A review of the hospital policy number NUR 004 last reviewed 10/04/2023 titled, "Precautions", revealed in part: PURPOSE: the purpose of the policy is to provide staff with guidelines for monitoring patients that are placed on special precautions. PRECAUTIONS: 5. Seizure- A patient who has a history of a seizure disorder, on a Detox Protocol, or that has had a seizure during their hospitalization. PROCEDURE: 5. A. When a patient is placed on seizure precautions, all nursing staff are made aware and fall precautions orders will be initiated.

A review of Patient #3's medical record revealed Patient #3 was admitted on 03/26/2025 with ETOH Dependence and past medical history included seizures. Further review revealed Detox Protocol ordered on 03/28/2025. Review of Patient #3's Multidisciplinary Treatment Plan did not reveal seizure precautions or fall precautions as per hospital policy for a patient with diagnosis of seizures and/or detox protocol order.

In an interview on 04/09/2025 at 11:40 AM, S1QAPID verified above mentioned findings.

FACILITIES, SUPPLIES, EQUIPMENT MAINTENANCE

Tag No.: A0724

Based on observation and interview, the hospital failed to ensure supplies were maintained to an acceptable level of safety and quality. This deficient practice was evidence by expired patient care supplies available for patient use.
Findings:

Observations during a walk-through of the hospital on 04/07/2025 from 11:15 AM to 12:00 PM revealed expired patient care supplies available for patient use and included:
1) Transystem Sterile Transport Swab suitable for aerobes and anaerobes, quantity 50 swabs, with expiration date of 07/31/2023; and
2) Anaerobic Vacutainer Purple Top Vials 40ml, quantity 2 vials, with an expiration of 04/03/2025.

In an interview on 04/07/2025 and present on the hospital walk-through, S1QAPID confirmed the above mentioned findings.

Treatment Plan - Team Responsibilities

Tag No.: A1644

Based on record review and interview, the hospital failed to ensure all patients treatments were within compliance of particular aspects of the patients' individualized treatment program as evidenced by failure to have signed master treatment plan by MD 1(#3) of 3(#1-#3) patients' treatment plans reviewed for the sample.
Findings:

A review of the hospital policy number PC-018 last reviewed 11/11/2021 titled, "Multidisciplinary Treatment Plans," revealed in part: PURPOSE: To establish guidelines for the development of multidisciplinary treatment plans that provide direction for the patient's course of treatment, utilize input from all disciplines, establish ongoing individualized treatment, and promote progress during treatment. PROCEDURE: 3. The mult-disciplinary treatment team is comprised of the physician, nurse, licensed therapist, and recreational therapist.

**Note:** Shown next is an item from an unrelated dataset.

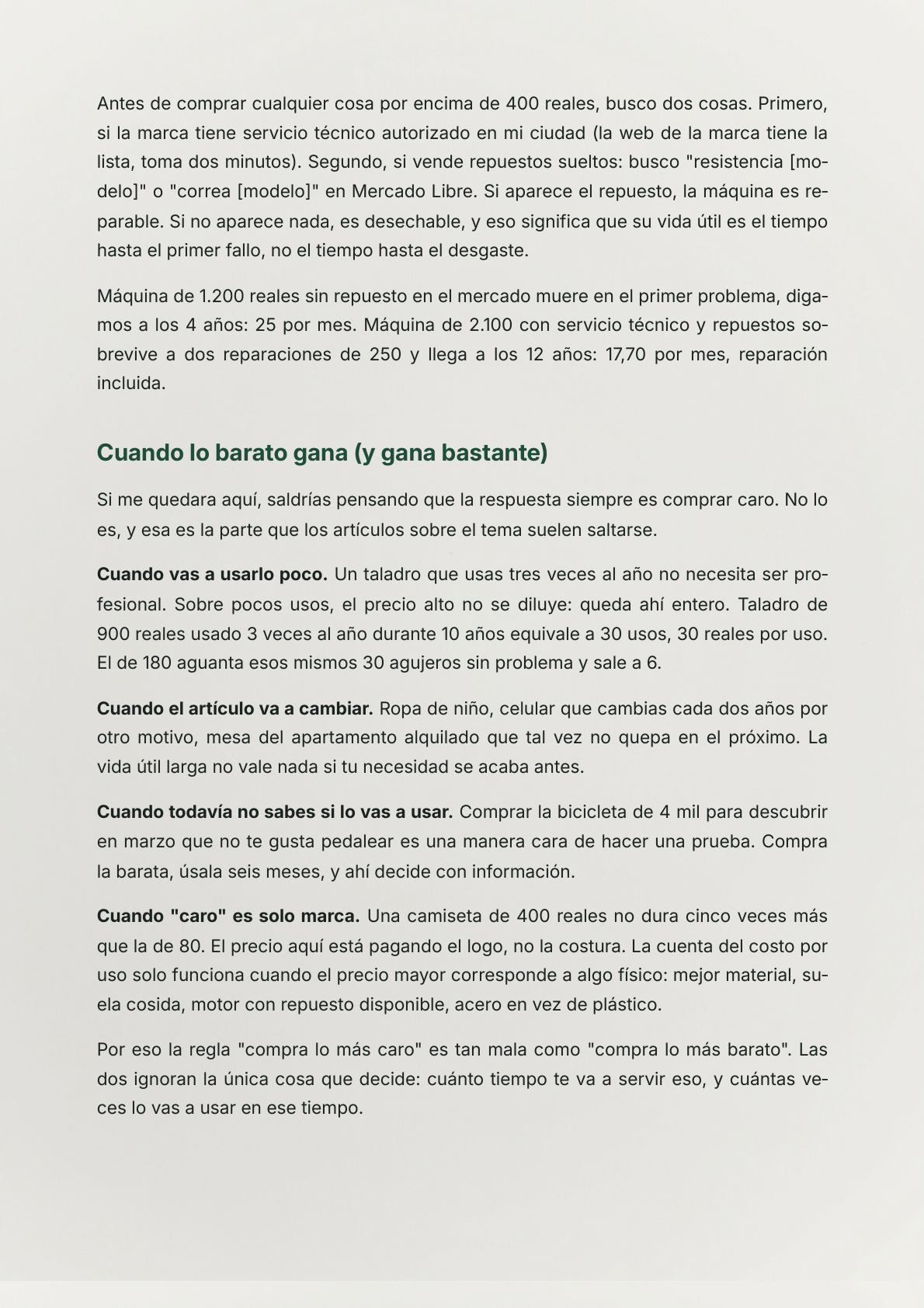 Página do livro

Outside agencies/caregivers may also be included as appropriate. The plan shall be approved and signed by the physician to ensure continuity of care, coordination, and integration of services provided.

Review of Patient #3's medical record revealed Patient #3 was admitted on 03/26/2025 for ETOH abuse on a formal voluntary admission. Further review of Patient 3's Multidisciplinary Integrated Master Treatment Plan initiated on 03/26/2025 did not reveal a signature by a physician.

In an interview on 04/09/2025 at 11:35 AM, S1QAPID confirmed Patient #3's Multidisciplinary Integrated Master Treatment Plan was not signed by a MD.